Losing contact with my kids in the crowd like that was even worse than the buried-alive feeling.
FOUR
It took me ninety (90) minutes to inch and worm my way out of the crowd. Ninety minutes that felt like nine months jammed down into a Siberian prison holding cell (because of the acid flashback/s).
When I finally broke free, onto famous State Street in Chicago, I looked up and there was the Van Gogh-like Muddy Waters mural on the side of the building I’d seen many times before. I had lost track of where I was in the downtown area, and had only been following my instincts to get out. And I got out. And I was free. And there was Muddy, one of my great and lifelong heroes, Muddy Waters, staring down at me. And we were both free.
I had to wait around for another thirty (30) minutes before my kids also broke free from the crowd.
But fifteen (15) minutes before that, I received the first text from them telling me they were OK.
FIVE
There is no doubt that I’ll continue to protest personality-crushing authoritarianism wherever it exists, whether that is at the “highest” business and political levels, or within the classroom or the workplace, or on the street corner, or within myself, or anywhere.

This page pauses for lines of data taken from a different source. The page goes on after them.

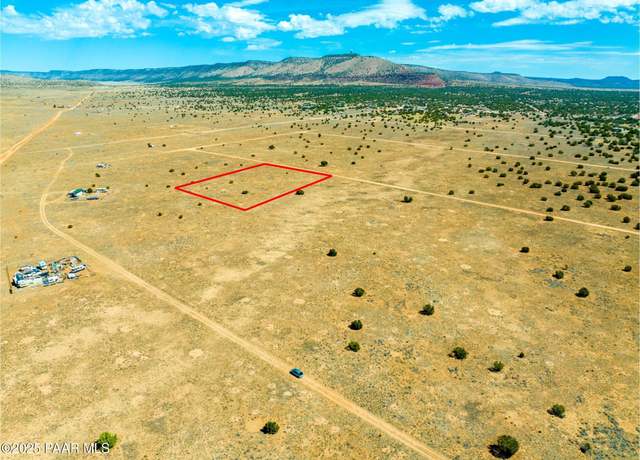 Property at 53356 N Saddlerock Dr, Seligman, AZ 86337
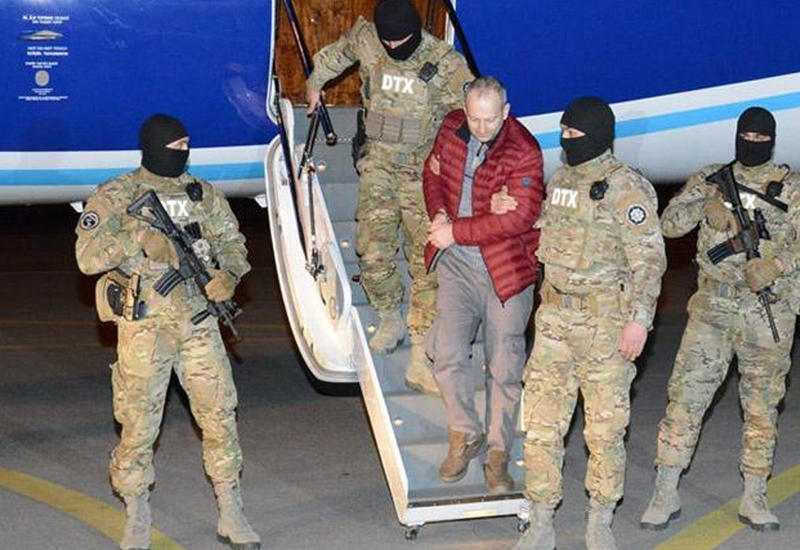 Lapşinin həyat yoldaşı vəkillə telefonla danışıb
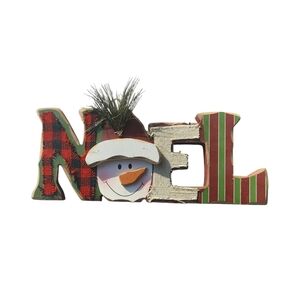 Festive Noel‎ Plaid and Striped Holiday Decor Wood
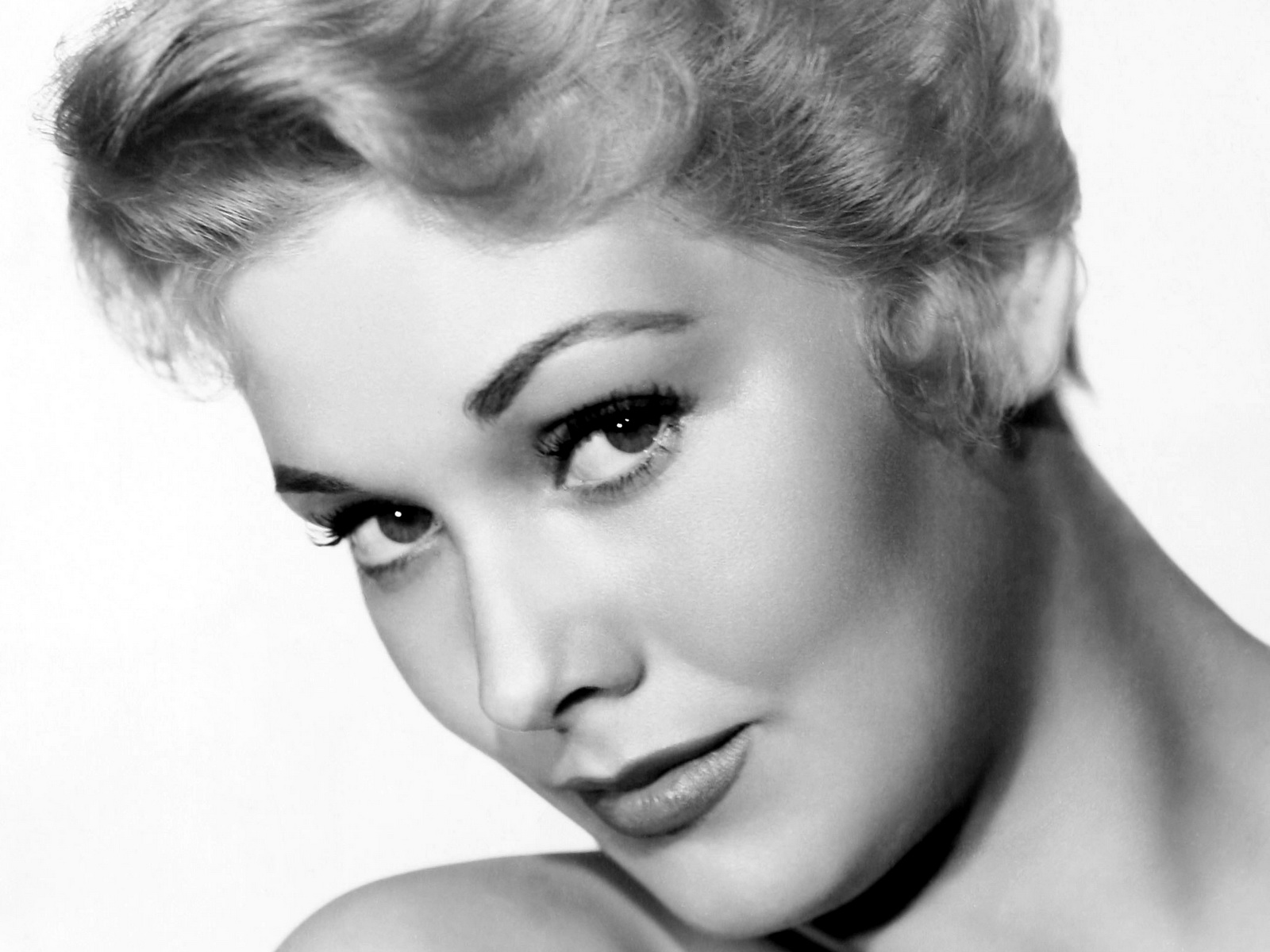 Kim Novak photo #180364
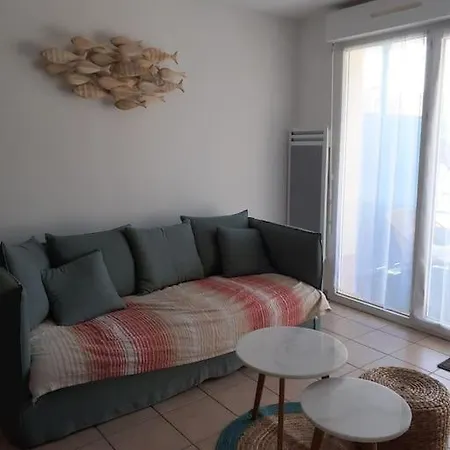 Mignon En Avec Piscine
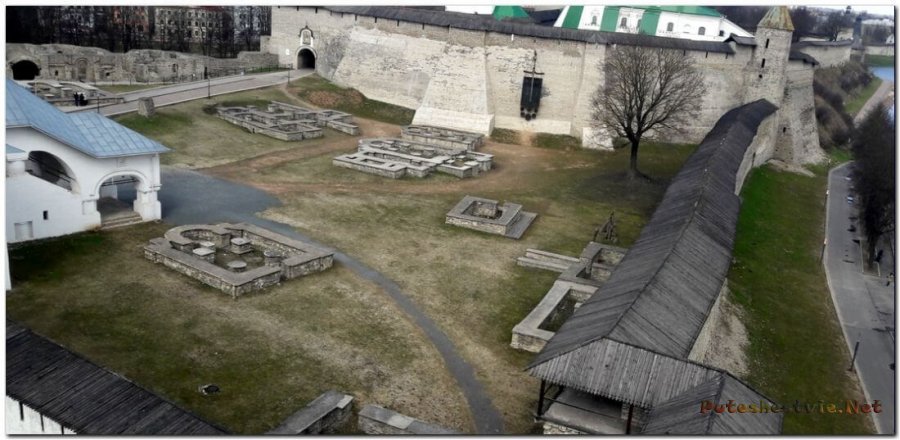 Довмонтов город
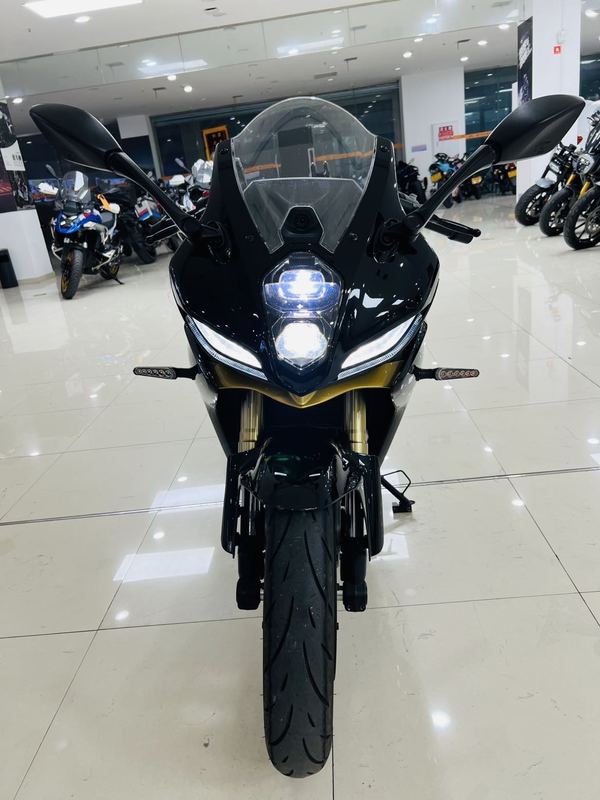 二手贝纳利龙卷风 Tornado 402R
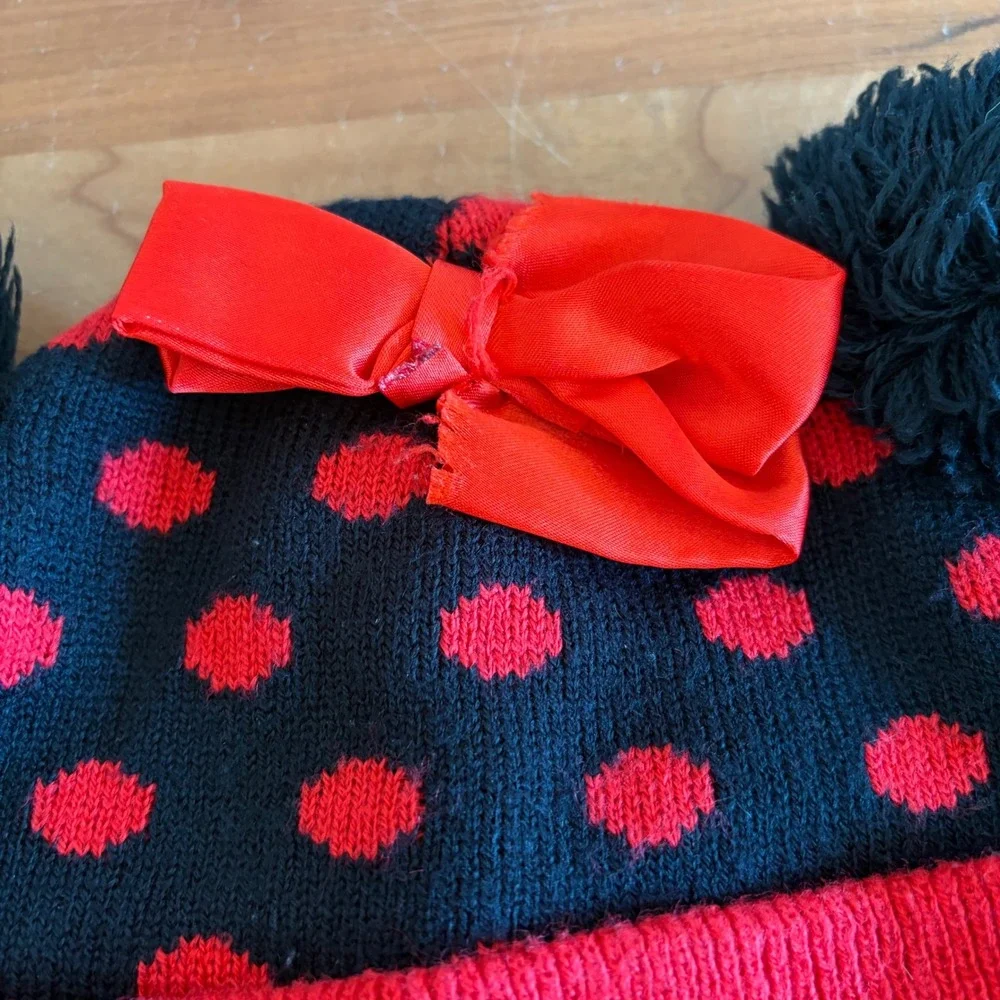 Disney Junior Minnie Mouse Toddler Beanie Hat Polka Dot Pom Pom Bow Red Black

Next time, however, I shall be much more careful about how I approach THE CROWD. A word to the wise: The Crowd is bad. In the worst sense of the Word.
ADDENDUM from The Drifter
There are a million different ways to protest, of course, and attending a so-called “Protest” is certainly not the only way, although, as the American Civil Rights Movement showed, it is sometimes a necessary way. The famous “three and a half percent” rule, proved by social science, says you only need that amount of a nation’s population to resist and overthrow the lockdown of true authoritarianism, the kind where the jack-booted thugs are standing around armed on all street corners with their faces hidden and the little old lady you thought was your friendly neighbor just reported you to the secret police for something you didn’t do.
The following poem by Walt Whitman outlines another way to protest, just as profound, or more profound, than the other way.
Poets to come! orators, singers, musicians to come!
Not today is to justify me and answer what I am for;
But you, a new brood, native, athletic, continental,
Greater than before known,
Arouse! For you must justify me…
I am a man who, sauntering along without fully stopping,
Turns a casual look upon you and then
Averts his face,
Leaving it to you
To prove and define it,
Expecting the main things
From you.
“The Drifter” is drifting off for now in order to steady his nerves via a combination of medical, psychological, and spiritual advances. This world we currently inhabit will make you nervous if you’re alive; do what you need to; pursue the right kind of excess and eschew the wrong kind as much as possible.
“The Drifter” doesn’t know yet what the column will be about next Sunday in this “Postcards from the Drifter” Sunday series; what he does know is that he will be here.